After the automatic prediction is done, we examine it by hand and try
to fix any flaws that we see.  This generally involves rerunning
undertaker with new cost functions, increasing the weights for
features we want to see and decreasing the weights where we think the
optimization has gone overboard.  Sometimes we will add new templates
or remove ones that we think are misleading the optimization process.
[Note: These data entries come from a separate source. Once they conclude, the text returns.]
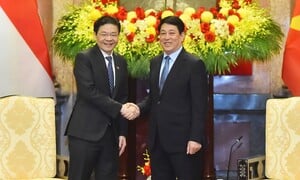 Chủ tịch nước đề nghị Singapore tiếp tục hỗ trợ Việt Nam phát triển nhân lực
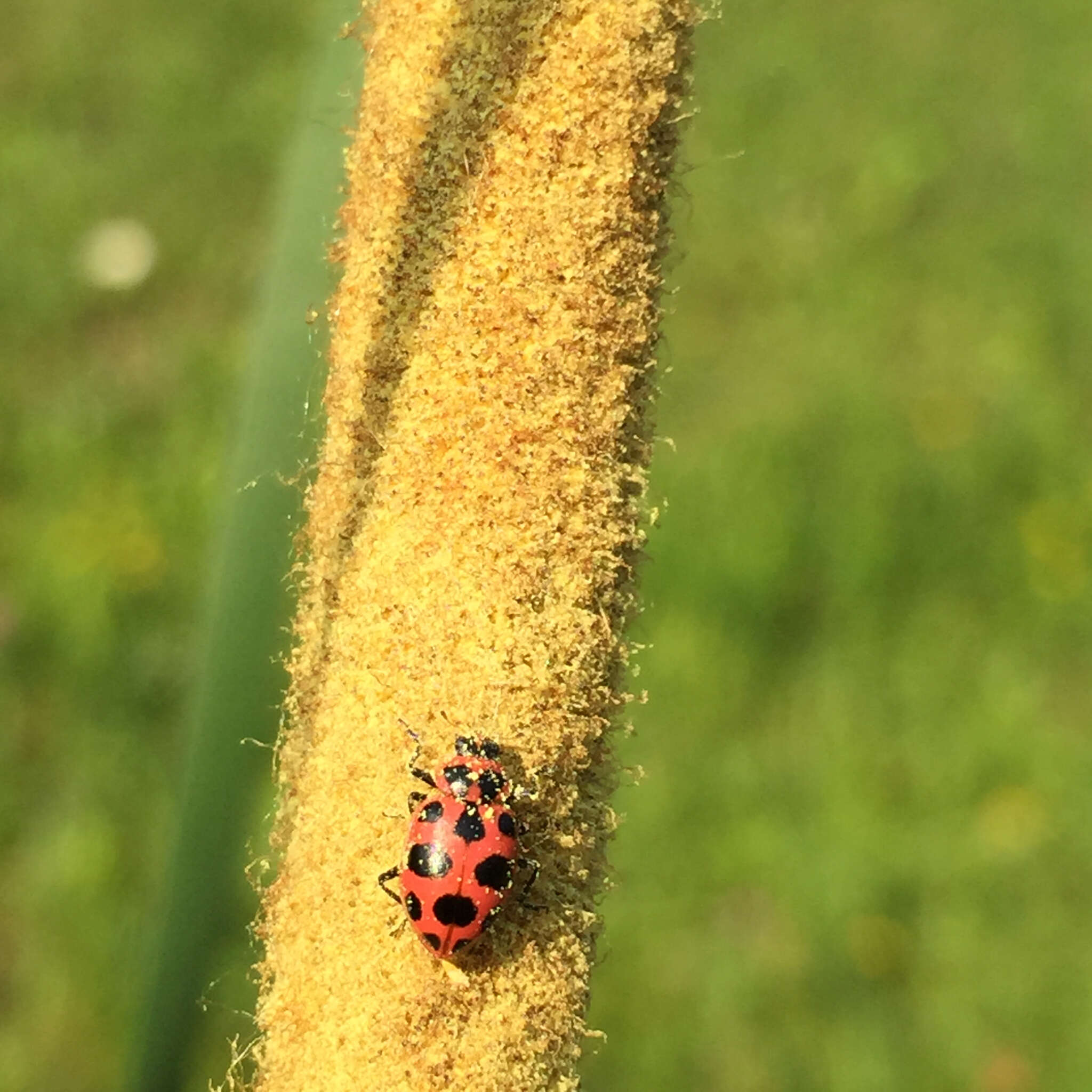 Image of Spotted Lady Beetle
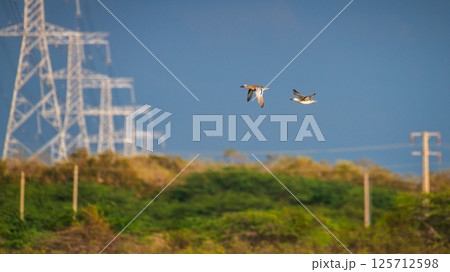 Pair of Garganey ducks in mid-flight against a row of tall high voltage transmission towers and a clear blue sky at Mannar, Sri Lanka. Nature and human-made structures photograph Pair of Garganey ducks in mid-flight against a row of tall high voltage transmission towers and a clear blue sky at Mannar, Sri Lanka. Nature and human-made structures photograph 125712598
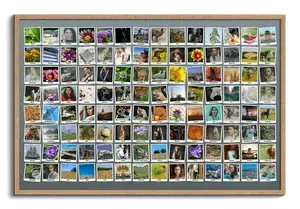 Erstelle deine einzigartige Polaroid-Collage mit 100+ Fotos und individuellen Texten!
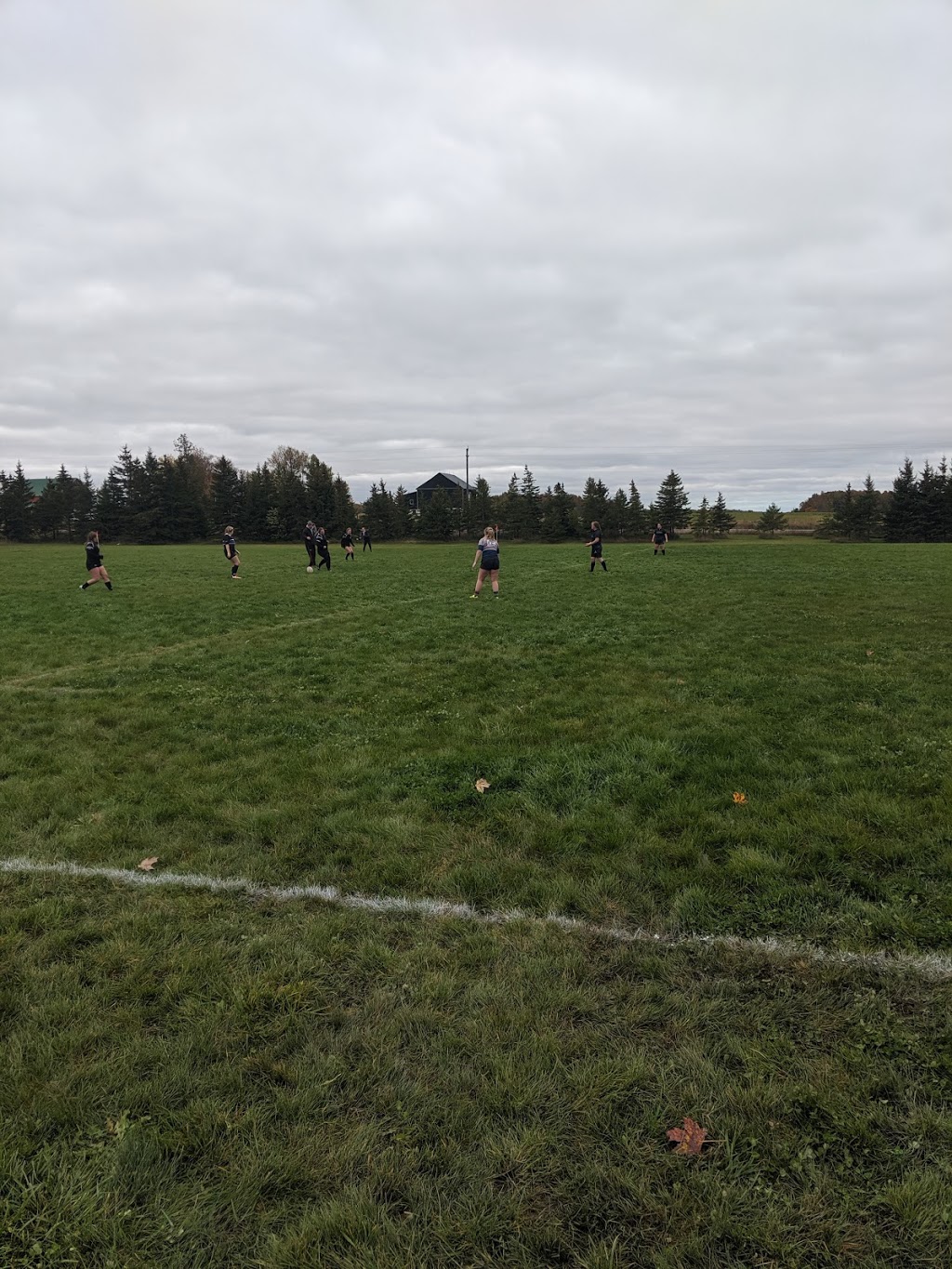 Tiverton Sports Arena | McLaren St, Tiverton, ON N0G 2T0, Canada | Phone: (519) 368-7225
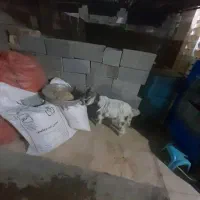 کهره نر|حیوانات مزرعه|شیراز, جرسقان|دیوار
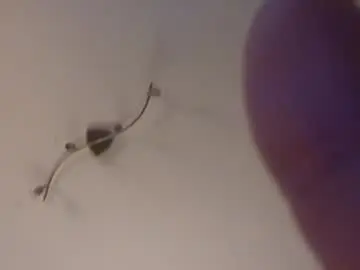 Curvyrosie13  live sex cam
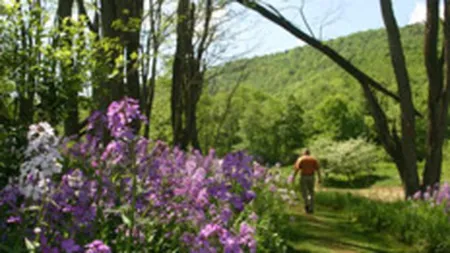 Petrom si Ogilvy, premiate de IAA Worldwide pentru spotul \Andrei\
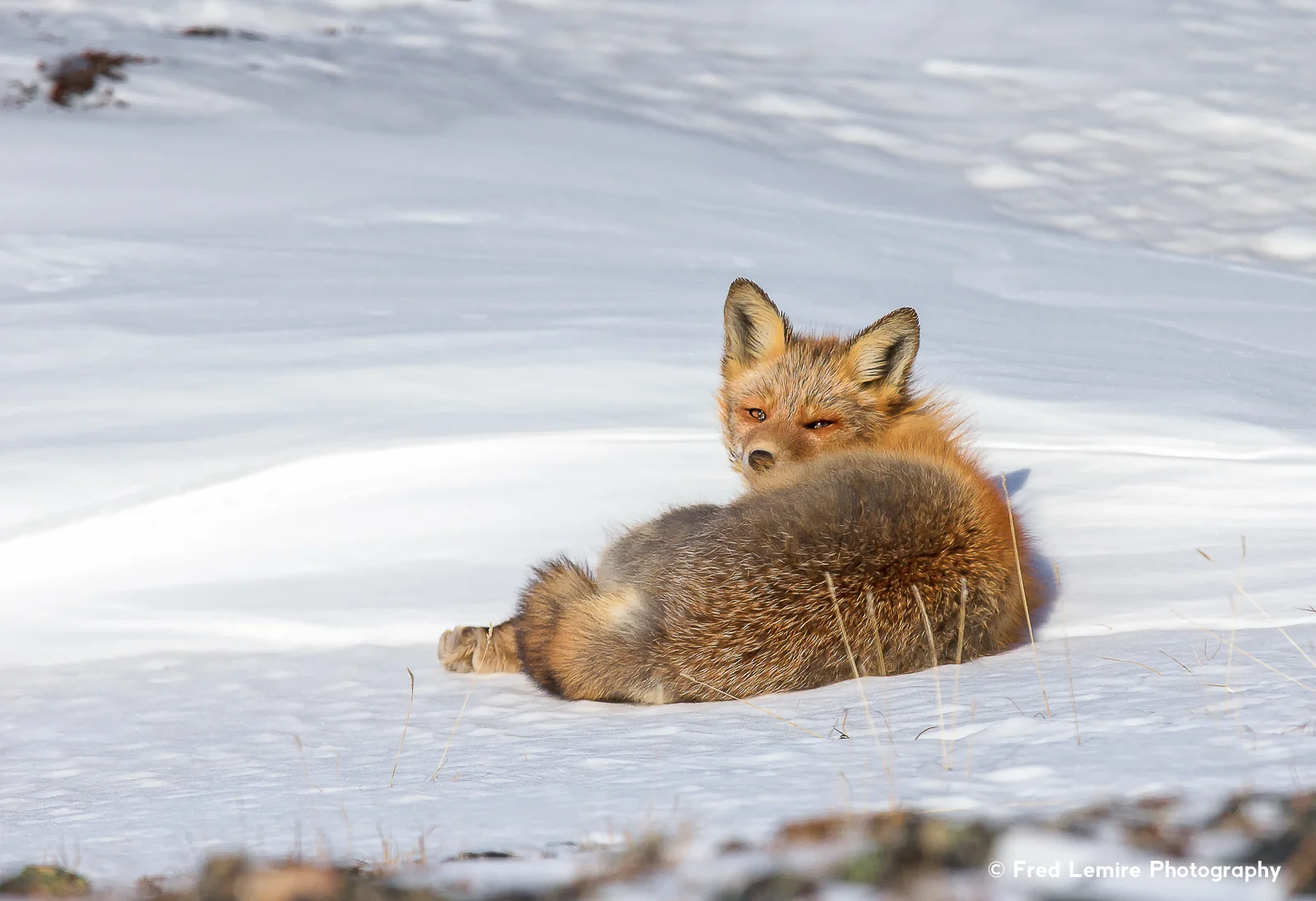 Foxes 10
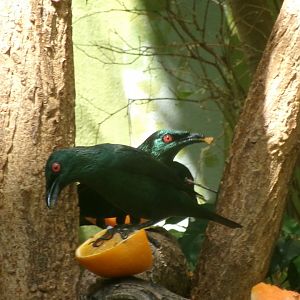 Asian glossy starling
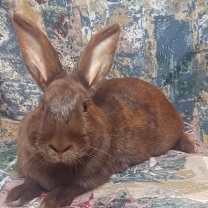 Thumbnail photo of Deckler #2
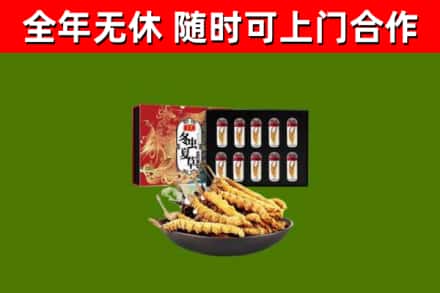 金溪县回收冬虫夏草价格
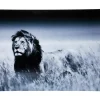 KARE Design Bild Glas Lion King Standing 160X120Cm- Bilder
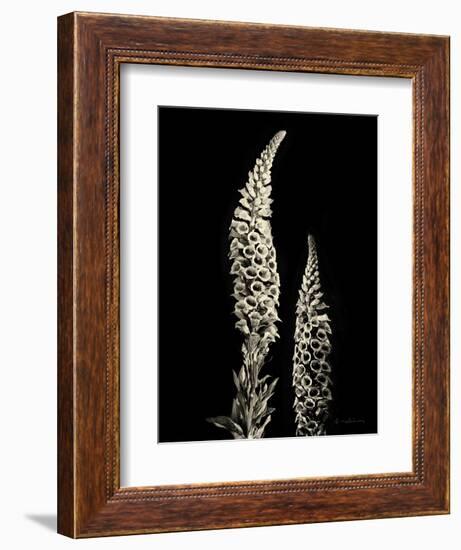 Botanical Elegance Foxglove-Amy Melious-Framed Premium Giclee Print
We were really flailing on this model, as our ab initio techniques
were not making much progress in the short time available.

We are submitting

Model 1 is T0314.try48-opt2, the closest match to the secondary
structure predictions.  Grant made a hairpin of residues 20-29 because
of strand predictions and separation predictions that looked good from
the sep alphabets.  The helix constraints are straight out of the
neural net predictions.  Grant made the sheet constraints from the
str2 secondary structure predictions.  He made a small sheet
constraint that he ended up removing later.  The first run of these
constraints (try20.costfcn) gave me a very good base to start from,
but there was an extra strand that wasn't pairing up with the rest of
the sheet.  Grant finally ended up moving the strand manually with
ProteinShop adding breaks to the models in order to get the strands to
form correctly in undertaker.

Model 2 is try30-opt2 which came from try13-opt2.  Try13 was a
polishing run on the five Robetta server models.  We ended up getting
something vaguely proteinlike.

Model 3, try21-opt2, was an attempt to get the strand in place from
try20-opt2, but it didn't work well.  It ended up looking decent on
its own, so it's a valid model.

Model 4, try35-opt2, is a polished model based on alignments from a
lipoprotein Grant found in the PDB.  A lipoprotein in E.coli (1oapA)
was of similar length and he got a few other structures from vast
(2aizP,1r1mA) to make alignments from. We ended up with a structure
that looked somewhat like the E.coli lipoprotein.

Model 5, try14-opt2, was a polish of the best scoring Pcons6 model
(TS4) (which is really robetta model 7) in undertaker.  Grant ran a
polishing run on it and this is the model.